Segment Start: The input

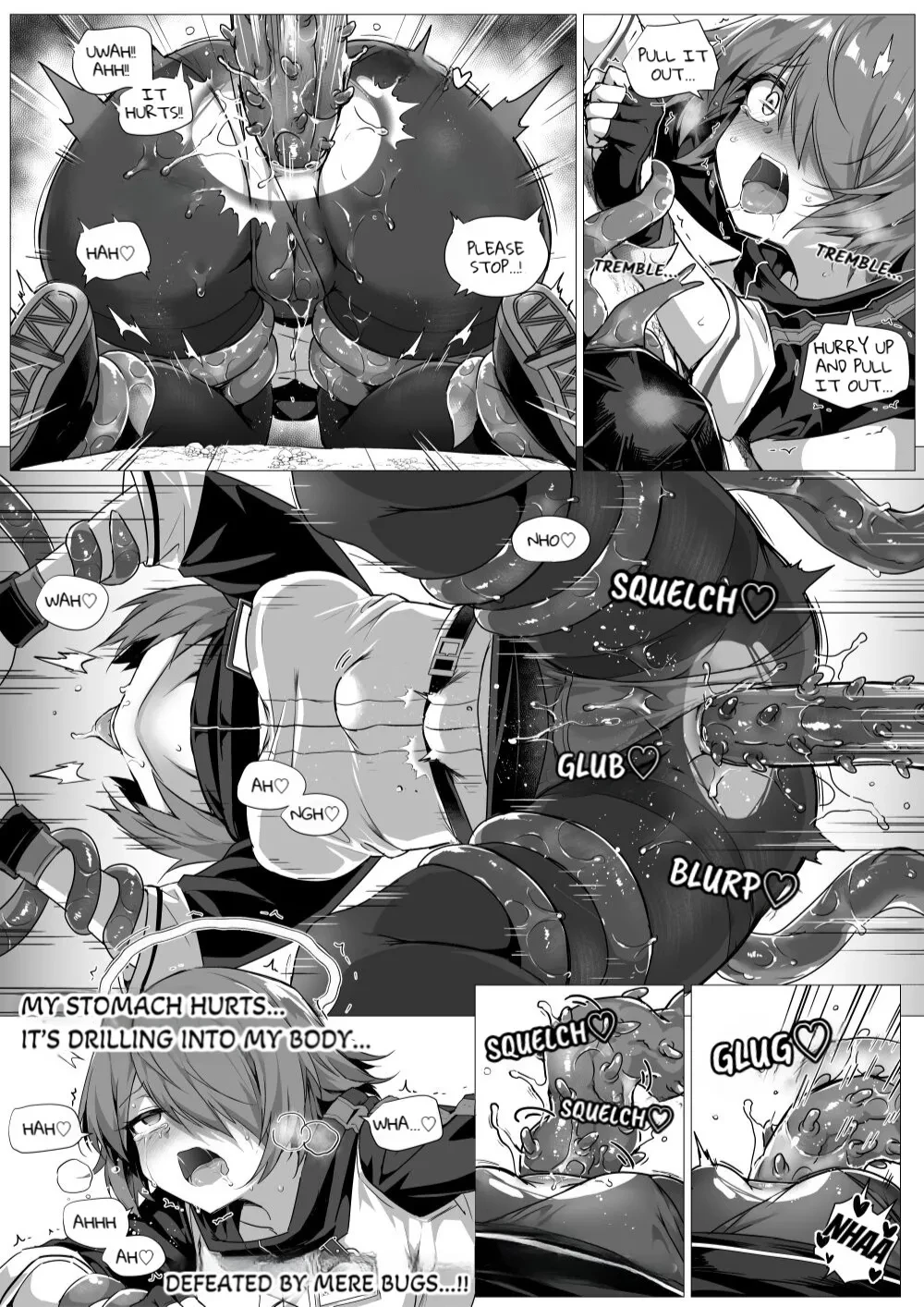 My Stomach is not a Breeding Ground for Bugs porn comic picture 10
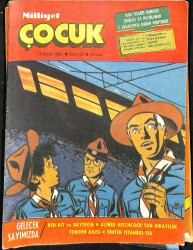 Milliyet Çocuk 27 Aralık 1982 Sayı: 53 - Red Kit - Demir Yumruklu Adam - İbrahim Tatlıses Havada Uyuyor - Gaddar Davut NDR98071 - Gökçekoleksiyon
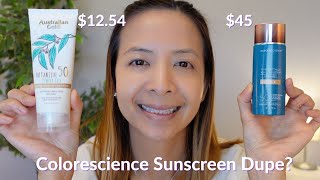 Colorescience FlexMatte Sunscreen Dupe  Tiana Le [upl. by Lein526]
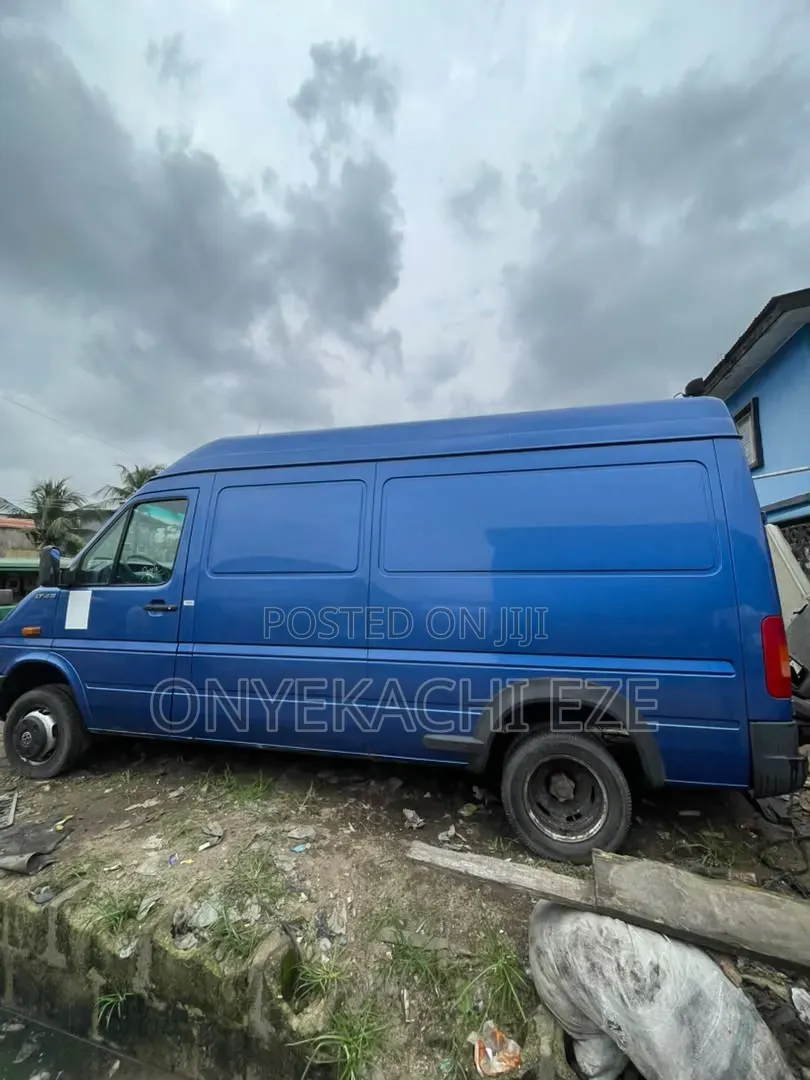 Volkswagen LT 2005 Blue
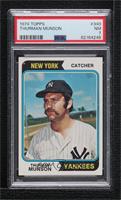 Thurman Munson [PSA 7 NM]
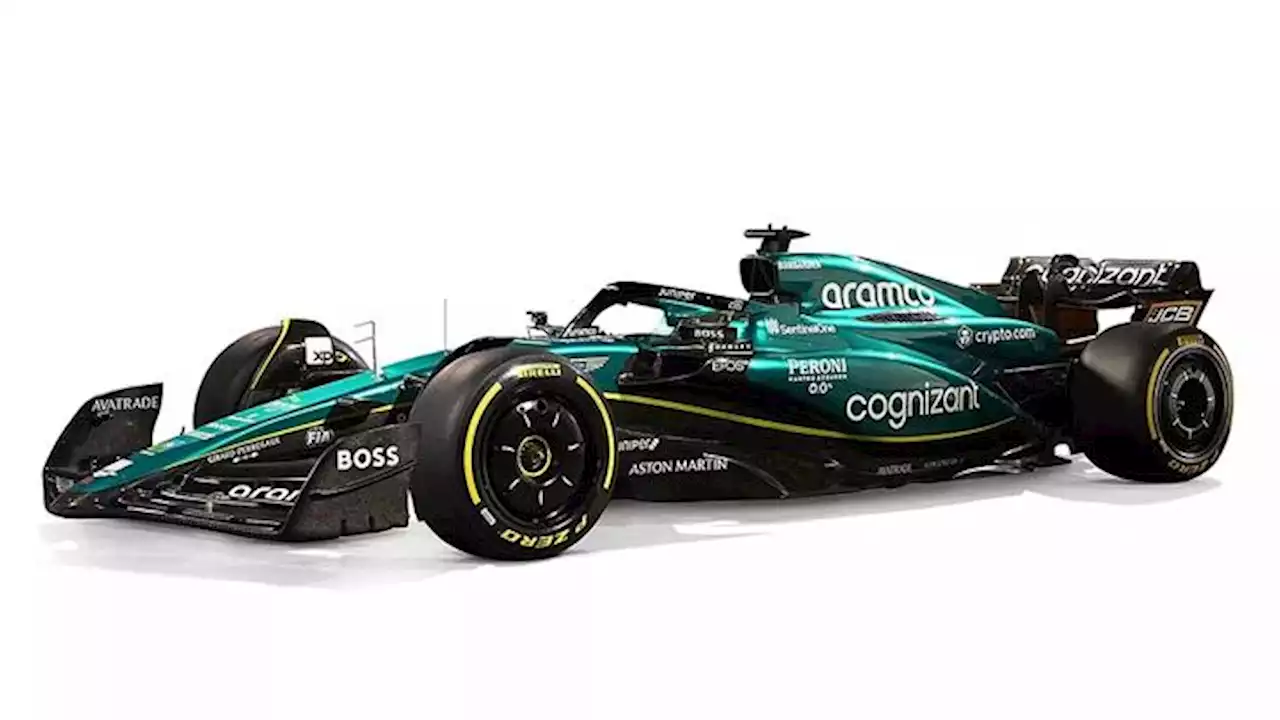 Ini Pembaruan Mobil Balap Aston Martin AMR23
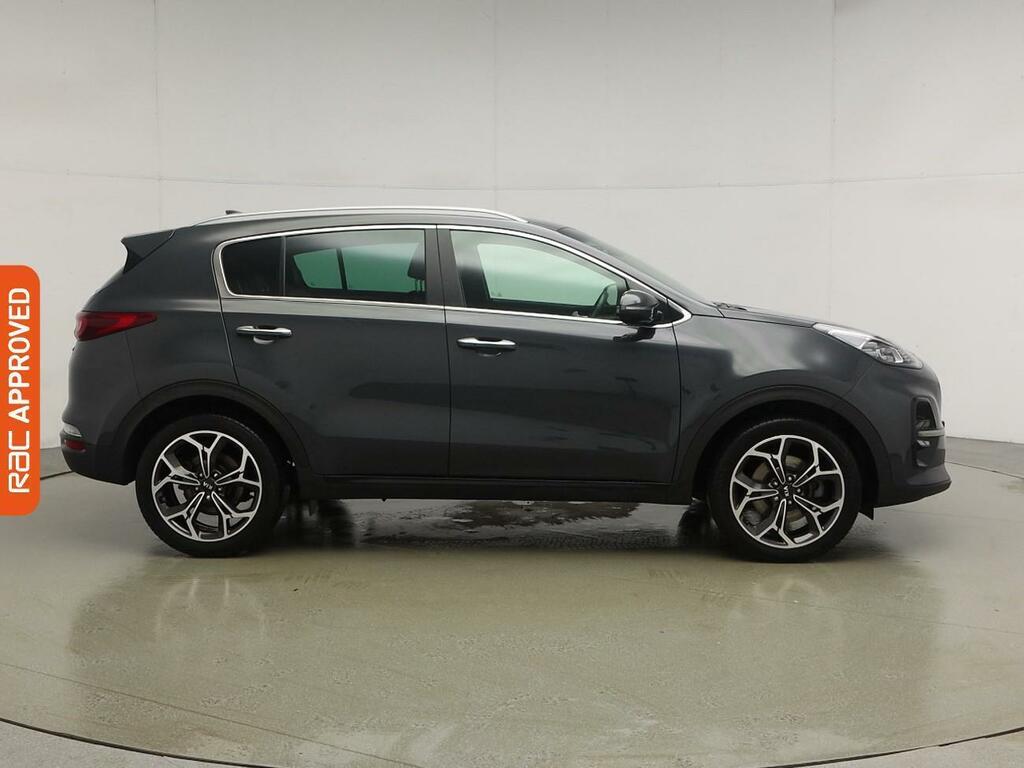 Kia Sportage 1.6 T-gdi Gt-line Suv Euro 6 S FP71TFY Grey #5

Segment End: The input

→ **Task to complete**:
Images are to be omitted; repeat the remaining data above exactly.

→ **Task solution**:
 My Stomach is not a Breeding Ground for Bugs porn comic picture 10
 Milliyet Çocuk 27 Aralık 1982 Sayı: 53 - Red Kit - Demir Yumruklu Adam - İbrahim Tatlıses Havada Uyuyor - Gaddar Davut NDR98071 - Gökçekoleksiyon
 Colorescience FlexMatte Sunscreen Dupe  Tiana Le [upl. by Lein526]
 Volkswagen LT 2005 Blue
 Thurman Munson [PSA 7 NM]
 Ini Pembaruan Mobil Balap Aston Martin AMR23
 Kia Sportage 1.6 T-gdi Gt-line Suv Euro 6 S FP71TFY Grey #5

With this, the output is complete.